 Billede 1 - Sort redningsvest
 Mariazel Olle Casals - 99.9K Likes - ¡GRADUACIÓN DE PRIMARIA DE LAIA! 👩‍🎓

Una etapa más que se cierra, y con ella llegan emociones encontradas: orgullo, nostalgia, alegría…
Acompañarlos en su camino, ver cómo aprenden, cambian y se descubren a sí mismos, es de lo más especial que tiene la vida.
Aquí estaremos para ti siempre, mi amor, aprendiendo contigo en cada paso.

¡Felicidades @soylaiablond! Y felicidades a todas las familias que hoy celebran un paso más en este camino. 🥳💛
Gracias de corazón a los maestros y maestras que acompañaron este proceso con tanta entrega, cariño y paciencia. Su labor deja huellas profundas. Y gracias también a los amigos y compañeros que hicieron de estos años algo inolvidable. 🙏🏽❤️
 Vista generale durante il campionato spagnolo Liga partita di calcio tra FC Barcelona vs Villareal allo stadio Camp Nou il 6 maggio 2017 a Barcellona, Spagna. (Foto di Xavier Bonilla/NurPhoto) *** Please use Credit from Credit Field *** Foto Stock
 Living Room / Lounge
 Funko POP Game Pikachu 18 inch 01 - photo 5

_ _ _ _ _

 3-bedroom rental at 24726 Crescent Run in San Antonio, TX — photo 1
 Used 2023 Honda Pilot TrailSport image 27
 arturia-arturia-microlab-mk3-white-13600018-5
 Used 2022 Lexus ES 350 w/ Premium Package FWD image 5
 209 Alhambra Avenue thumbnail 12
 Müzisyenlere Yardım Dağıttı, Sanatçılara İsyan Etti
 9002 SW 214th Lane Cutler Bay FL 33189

_ _ _ _ _

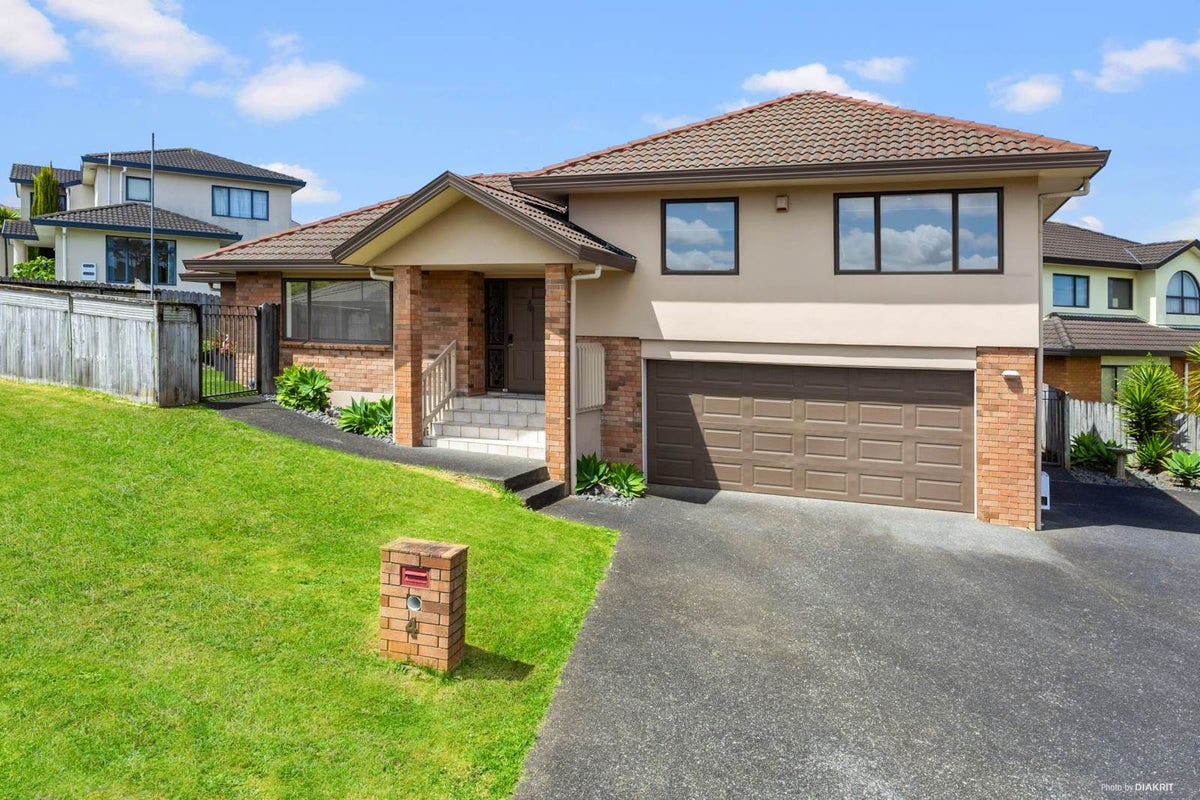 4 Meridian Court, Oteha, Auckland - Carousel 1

_ _ _ _ _

WHAT YOU SHOULD DO
Gather all lines with the string "camino" from the data.

EXERCISE OUTPUT
Acompañarlos en su camino, ver cómo aprenden, cambian y se descubren a sí mismos, es de lo más especial que tiene la vida.
¡Felicidades @soylaiablond! Y felicidades a todas las familias que hoy celebran un paso más en este camino. 🥳💛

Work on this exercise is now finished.